Let me know if I'm out of topic although I consider this as an implicit programming question :)
edit: some other useful links I found that support #Coeffect's answer
http://ros.org/wiki/kinect_calibration/technical
Accuracy Analysis of Kinect Depth Data, by K.Khoshelham
So the IR pattern that the Kinect displays isn't your normal grid. For an example, check out this blog post. The Kinect handles making a normal depth map out of this. Thinking about focal lengths and such for this system is just going to dig yourself a hole. Your thoughts about precision are probably misplaced. The Kinect isn't accurate enough to BE picky about such things. Having used the Kinect for motion detection, there's a lot of noise. If you have a certain situation in mind, you might want to post about it.
edit: Here's a post showing that the depth isn't linear, and more of the precision is focused on closer objects. So the farther away you are, the less precise the data is, and the more severe the noise will become (because having the returned depth change by 1 nearby is pretty much nothing, but farther away that accounts for a larger distance change).

Kinect joint detection from top

I'm wondering, does the Kinect detects joints correctly when it's put on the top (on the ceiling).
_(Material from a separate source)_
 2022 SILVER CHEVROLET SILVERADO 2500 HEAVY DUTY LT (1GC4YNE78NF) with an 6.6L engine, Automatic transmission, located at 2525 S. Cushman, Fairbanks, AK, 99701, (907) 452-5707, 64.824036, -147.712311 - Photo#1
I don't have necessary equipment to attach it to ceiling and test, but was wondering whether it reliably detects human. I'm ok even if it confuses the joints, actually.
Has anybody tested this?
From what I've seen while using it, the skeleton detection is iffy from any angle other than directly pointing at a person's front or back. A Kinect pointed straight down with people walking under it would almost certainly not detect anyone, because the human form from above does not look anything like it does from the front. I have had the Kinect pick up random people around me in odd positions (sitting, viewed from the side, etc), but the joints were largely spastic. If you have it mounted on the ceiling and pointed downwards at a sufficient angle to still see people from the front instead of from above.. it could do a fairly good job of picking them up.
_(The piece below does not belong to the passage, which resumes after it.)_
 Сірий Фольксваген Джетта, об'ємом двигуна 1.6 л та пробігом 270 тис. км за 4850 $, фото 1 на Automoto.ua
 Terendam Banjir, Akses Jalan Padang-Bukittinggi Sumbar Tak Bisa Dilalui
So when you say on the ceiling do you mean pointing straight down or still looking at a fairly horizontal angle?
I did a little bit of testing with the Kinect mounted in a very high position (2.5 m, 70° to the ground). As answered by Coeffect it just doesn't work. It doesn't work with Microsoft SDK nor with OpenNI. What I can add is that the skeleton recognition only works if the user is facing the camera with her/his whole body-front. Even worse, both frameworks seem to expect the head at the top of the depth-frame.